Federal Law Becomes Spawning Ground for Lawsuits

By Tom Bacon

A 33-year old federal law meant to balance seemingly irreconcilable interests in the vast Columbia River system - fish and power - has instead become a spawning ground for lawsuits. 

In the latest iteration of competing interests taking their arguments to court, a federal appeals panel has come down on the side of power production and the agency charged with trying to balance fish and power production. The heart of a case brought by the Northwest Resource Information Center, an environmental group, against the Northwest Power and Conservation Council was deemed insufficient by two of the three judges on the appeal panel.
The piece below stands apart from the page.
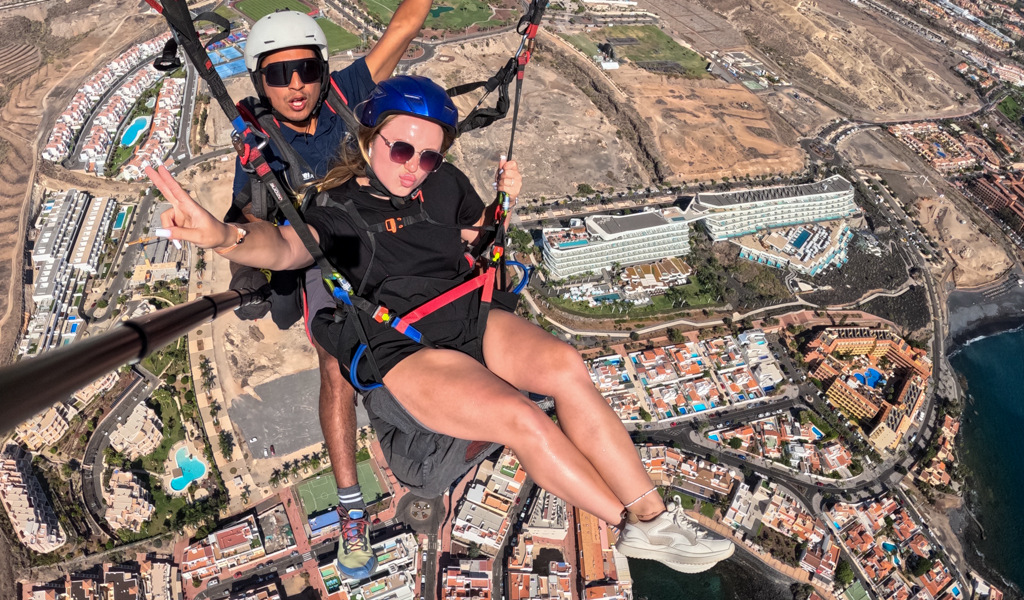 Parapente au-dessus de Costa Adeje à Tenerife.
The environmental group complained that the Northwest Power Council failed to give due consideration to the needs of fish and wildlife in the river basin in its latest regional power plan adopted in 2010.

But the judges also held that the power council failed to allow proper public notice and comment on its method of estimating environmental costs and benefits. And they chided the power group for including in its plan a Bonneville Power Administration estimate that fish restoration projects would cost somewhere between $750 and $900 million a year.

A dissenting judge argued that the cost estimate is perfectly proper even though the environmental group fears it may have a chilling effect on future fish restoration projects. She wrote "a court cannot strike down a sentence in an agony's report because it does not like its spin. We are not yet commissioned to serve as a judicial editorial review board."

The judges noted that the power council's efforts to do its job over the years have been challenged time and again by various stakeholders - environmentalists, power companies, state governments, indian nations and industrial interests.